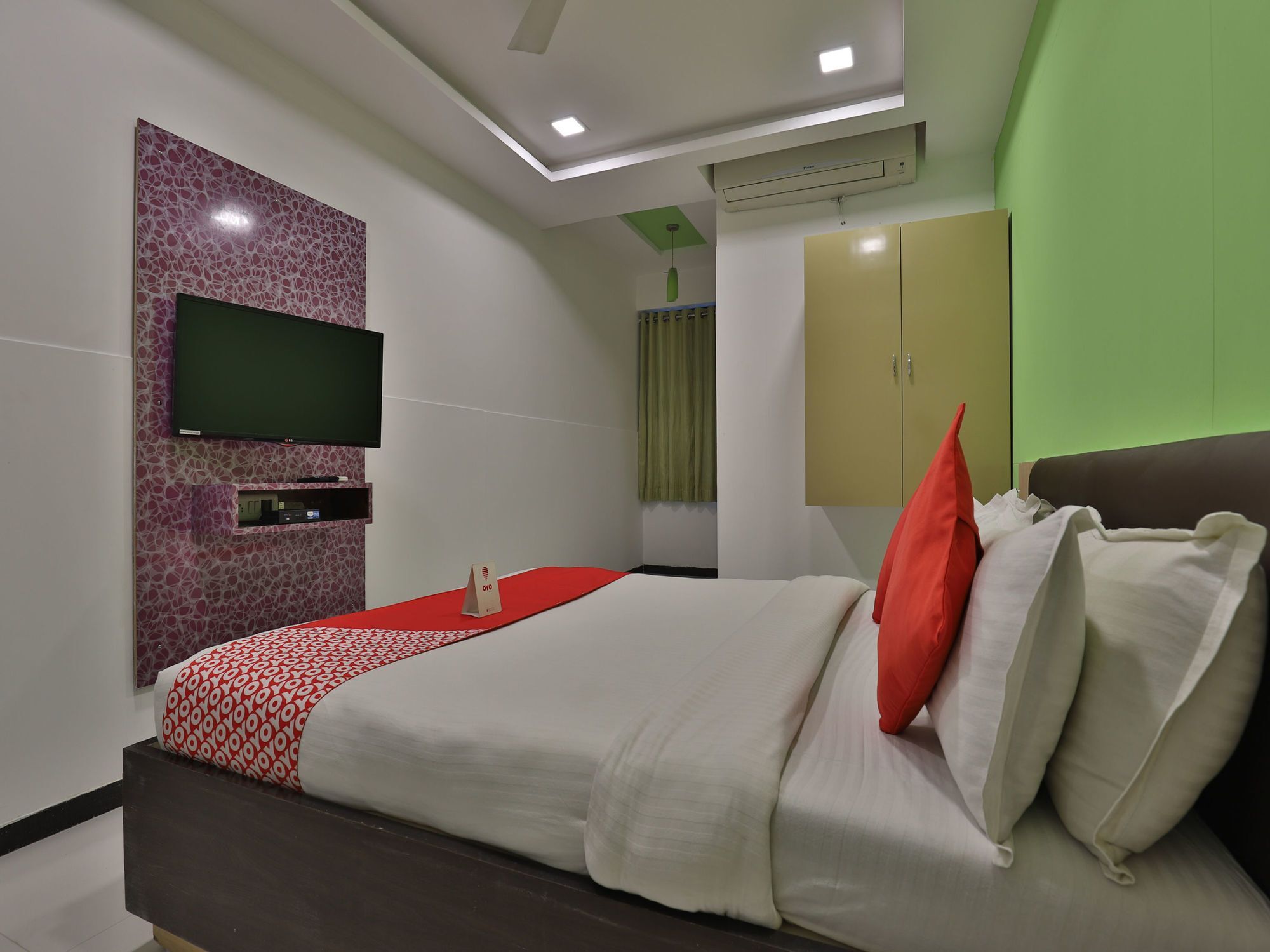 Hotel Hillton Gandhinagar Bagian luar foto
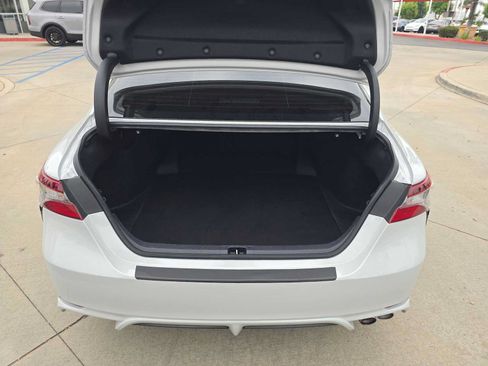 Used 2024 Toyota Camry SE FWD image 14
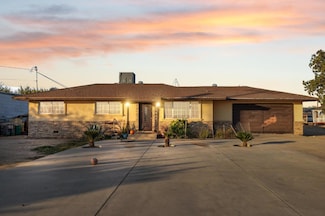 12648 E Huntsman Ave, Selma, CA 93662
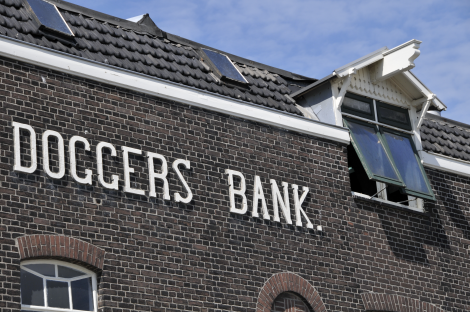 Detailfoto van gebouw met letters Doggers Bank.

┄┄┄┄┄┄┄┄┄┄

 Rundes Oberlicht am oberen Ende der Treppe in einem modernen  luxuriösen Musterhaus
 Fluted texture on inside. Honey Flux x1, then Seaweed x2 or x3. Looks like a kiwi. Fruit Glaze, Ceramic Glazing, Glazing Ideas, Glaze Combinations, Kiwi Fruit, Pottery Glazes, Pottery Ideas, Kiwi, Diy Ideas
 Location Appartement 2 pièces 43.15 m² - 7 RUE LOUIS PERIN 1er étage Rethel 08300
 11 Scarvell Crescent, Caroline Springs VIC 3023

┄┄┄┄┄┄┄┄┄┄

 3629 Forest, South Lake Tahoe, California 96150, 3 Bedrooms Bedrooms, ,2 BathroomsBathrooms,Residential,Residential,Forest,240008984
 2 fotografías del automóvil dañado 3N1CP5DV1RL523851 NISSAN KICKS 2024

┄┄┄┄┄┄┄┄┄┄

**AIM OF THE TASK:** Set the pictures aside and transcribe exactly the stretch of lines above, beginning with the one holding "Hotel Hillton Gandhinagar Bagian luar foto" and ending with the one holding "Detailfoto van gebouw".

**FINISHED TASK:**
 Hotel Hillton Gandhinagar Bagian luar foto
 Used 2024 Toyota Camry SE FWD image 14
 12648 E Huntsman Ave, Selma, CA 93662
 Detailfoto van gebouw met letters Doggers Bank.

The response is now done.